§ Your goal
Look below for the line containing "A little bit" and the line containing "Installing DLC on", then set down both and every line between them exactly, without pictures.

§ Given data
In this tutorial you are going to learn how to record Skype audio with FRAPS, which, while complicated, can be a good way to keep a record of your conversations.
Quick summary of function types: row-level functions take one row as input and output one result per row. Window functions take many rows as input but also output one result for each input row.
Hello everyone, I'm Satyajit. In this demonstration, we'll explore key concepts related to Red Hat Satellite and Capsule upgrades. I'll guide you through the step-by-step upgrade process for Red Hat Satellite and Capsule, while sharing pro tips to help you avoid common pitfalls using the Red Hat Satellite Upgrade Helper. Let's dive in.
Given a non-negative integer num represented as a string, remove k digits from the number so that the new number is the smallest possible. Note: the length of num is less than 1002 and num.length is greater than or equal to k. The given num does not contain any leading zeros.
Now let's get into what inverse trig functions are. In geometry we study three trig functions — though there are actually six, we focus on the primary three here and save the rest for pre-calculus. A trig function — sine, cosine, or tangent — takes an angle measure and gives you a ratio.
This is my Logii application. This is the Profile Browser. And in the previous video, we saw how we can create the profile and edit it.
--
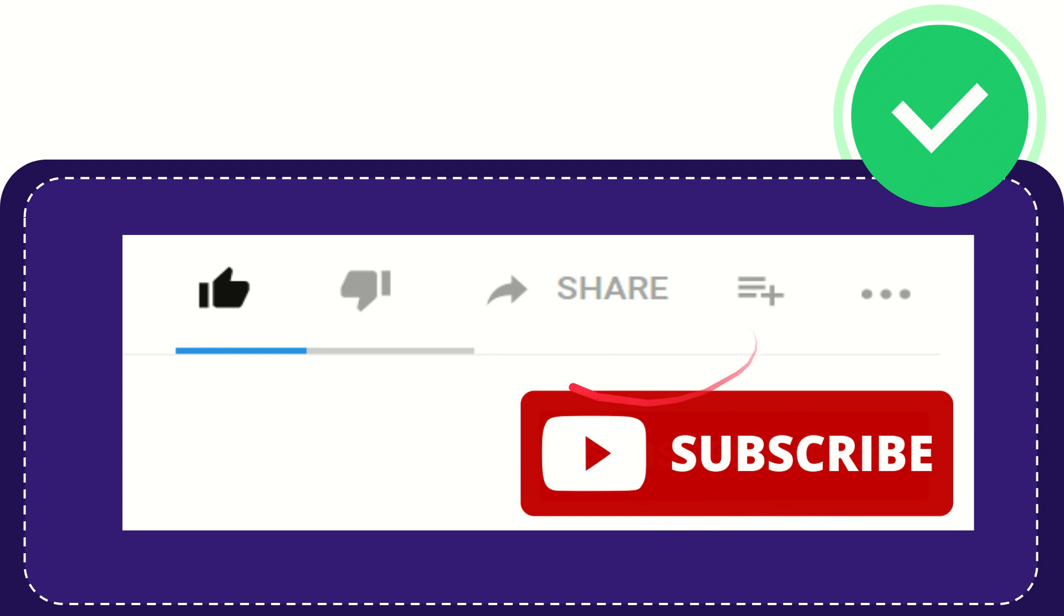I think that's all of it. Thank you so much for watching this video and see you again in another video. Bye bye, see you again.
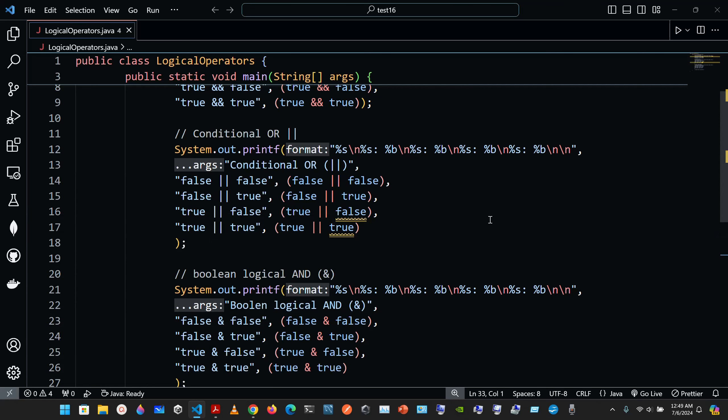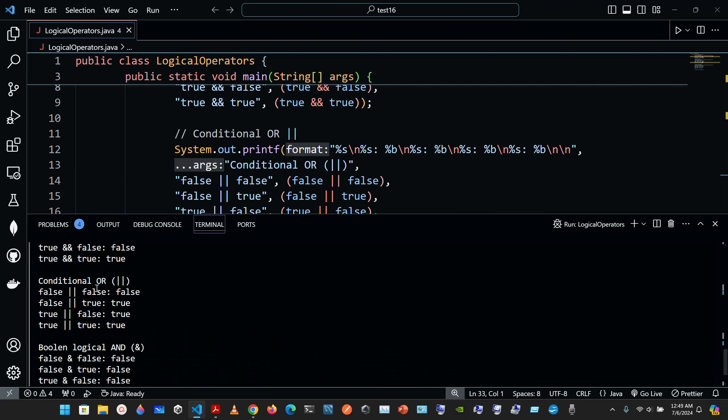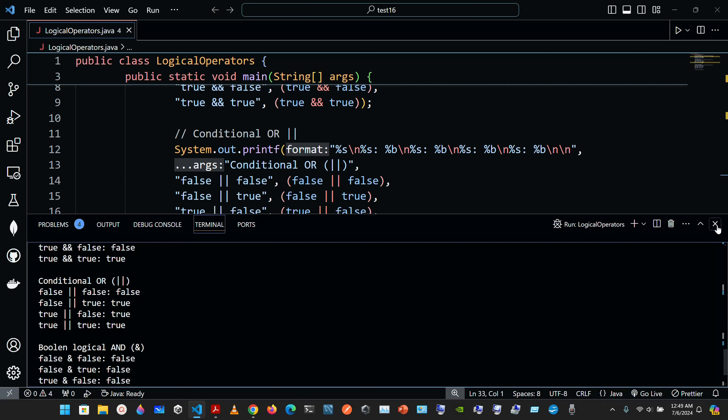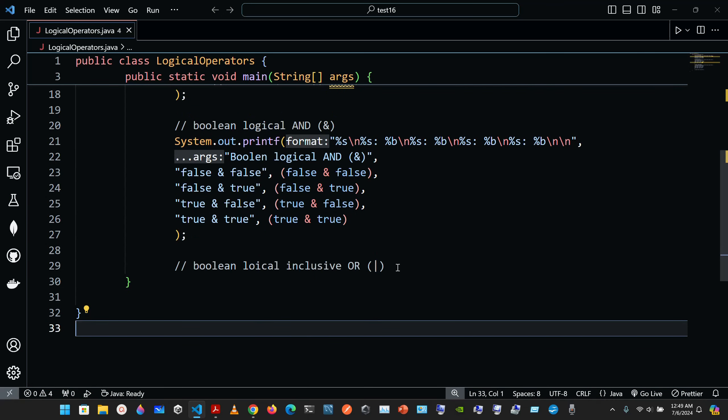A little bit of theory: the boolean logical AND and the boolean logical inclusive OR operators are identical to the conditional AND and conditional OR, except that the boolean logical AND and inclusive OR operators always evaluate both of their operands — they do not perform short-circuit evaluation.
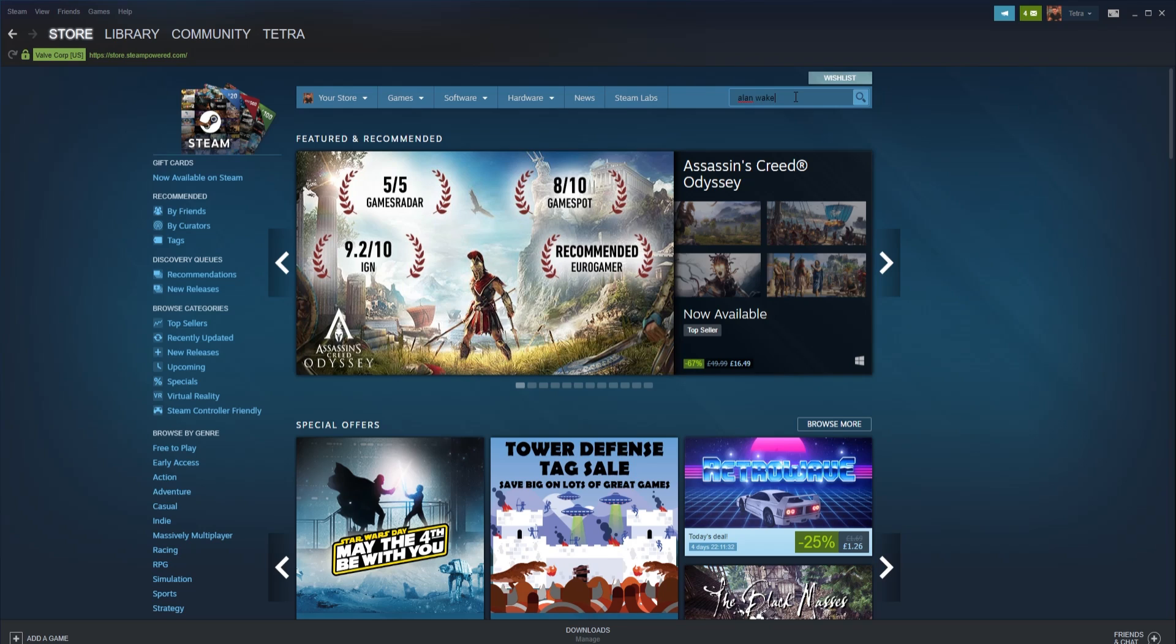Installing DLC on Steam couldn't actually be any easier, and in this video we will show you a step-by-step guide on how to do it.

§ Solution to the problem
A little bit of theory: the boolean logical AND and the boolean logical inclusive OR operators are identical to the conditional AND and conditional OR, except that the boolean logical AND and inclusive OR operators always evaluate both of their operands — they do not perform short-circuit evaluation.
Installing DLC on Steam couldn't actually be any easier, and in this video we will show you a step-by-step guide on how to do it.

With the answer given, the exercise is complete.